Welches Ausmaß die Vergiftungsfälle durch Pestizide inzwischen weltweit erreicht haben, versucht der Autor anhand von Angaben wie denen der WHO nachzuvollziehen. Die Zahlen reichen allerdings von einigen wenigen bis hin zu 41 Millionen. Der Grund: Meldesysteme und Bezeichnungen der Symptome sind international sehr uneinheitlich, die Datenlage ist deshalb unklar. Immerhin ist in Frankreich seit 2012 Parkinson bei Winzern als Berufskrankheit anerkannt, wie Zaller schreibt. Er geht auch auf die Gefahr ein, dass sich infolge zunehmenden Pestizideinsatzes resistente Schädlinge bilden, was eine immer höhere Dosierung erfordert.

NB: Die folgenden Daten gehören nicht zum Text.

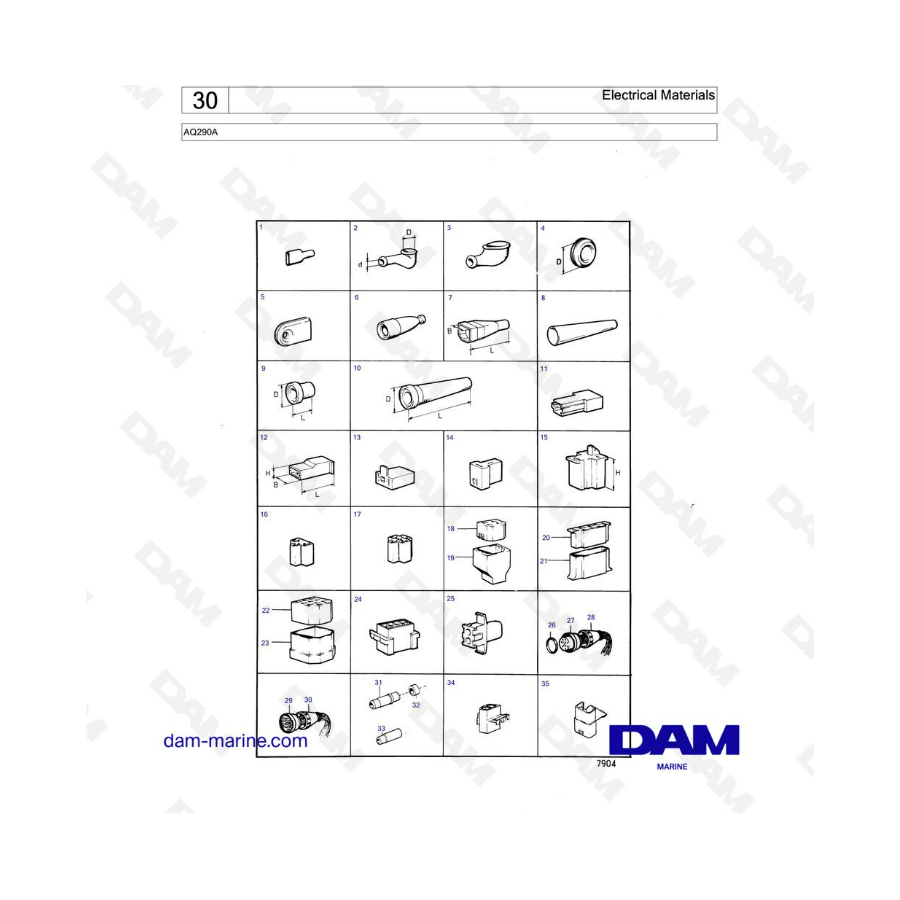 Volvo Penta AQ290A - Electrical materials Volvo Penta AQ290A - Electrical materials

Der Autor plädiert leidenschaftlich dafür, den Pestizidgebrauch einzudämmen. Er sieht darin ein großes Risiko für die Menschheit, allerdings ist es nicht seine Absicht, die Landwirtschaft pauschal anzuprangern. Vielmehr will er für das Thema sensibilisieren, indem er Hintergründe fundiert ausleuchtet. Tatsächlich belegt er seine Zahlen und Daten stets mit Quellenangaben, die in der Regel auf Fachliteratur und behördliche Auskünfte verweisen. Die vielen aufgeführten Statistiken und Erhebungen sind eine Fundgrube für alle, die tiefer ins Thema einsteigen möchten. Manchmal jedoch nehmen die Zahlen und Daten etwas überhand; hier wäre die eine oder andere Grafik hilfreich gewesen.

Das Buch ist leicht verständlich und bietet viel Wissenswertes. Ihm ist die ausführliche Recherche des Autors anzumerken. Zaller bleibt nicht bei Befunden stehen, sondern macht auch Vorschläge, wie der Pestizidgebrauch in der Landwirtschaft vermindert oder besser kontrolliert werden kann. Das Werk endet mit dem Aufruf, sich für das Menschenrecht auf eine giftfreie Lebensmittelproduktion zu engagieren.